**Your goal:** Instruction for the entries that follow: retype exactly the lines from the line with "Ventana oscilobatiente de" to the line with "Xin Tian Di", both included, and omit all others.

**Task inputs:**
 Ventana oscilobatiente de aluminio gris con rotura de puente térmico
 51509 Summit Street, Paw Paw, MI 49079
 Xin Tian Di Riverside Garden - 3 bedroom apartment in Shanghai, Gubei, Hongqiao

---

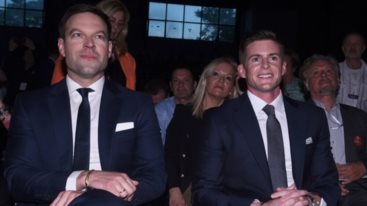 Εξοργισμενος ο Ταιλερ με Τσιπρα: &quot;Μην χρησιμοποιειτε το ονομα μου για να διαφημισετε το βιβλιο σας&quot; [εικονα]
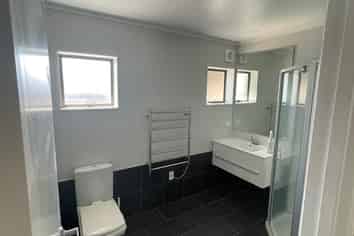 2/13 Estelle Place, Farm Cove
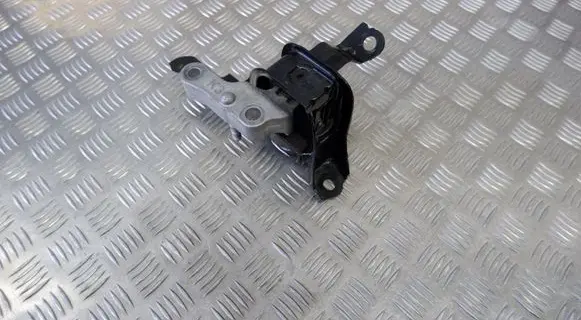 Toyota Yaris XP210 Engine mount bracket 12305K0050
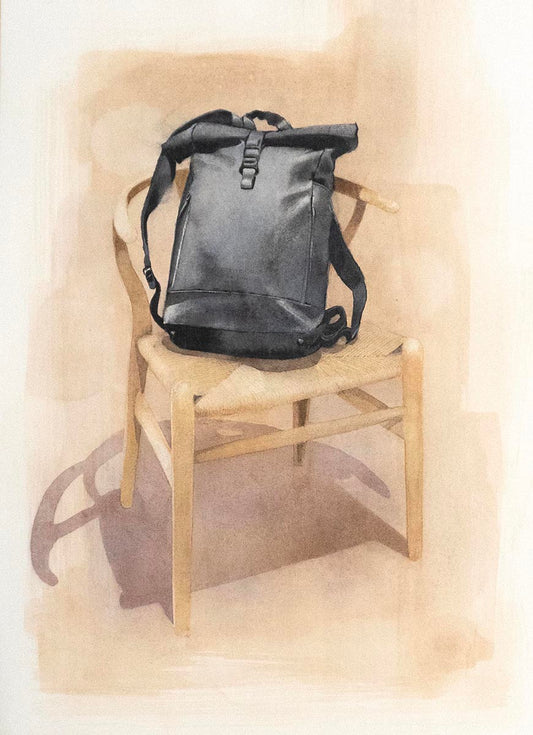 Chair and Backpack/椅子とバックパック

**Result:**
 Ventana oscilobatiente de aluminio gris con rotura de puente térmico
 51509 Summit Street, Paw Paw, MI 49079
 Xin Tian Di Riverside Garden - 3 bedroom apartment in Shanghai, Gubei, Hongqiao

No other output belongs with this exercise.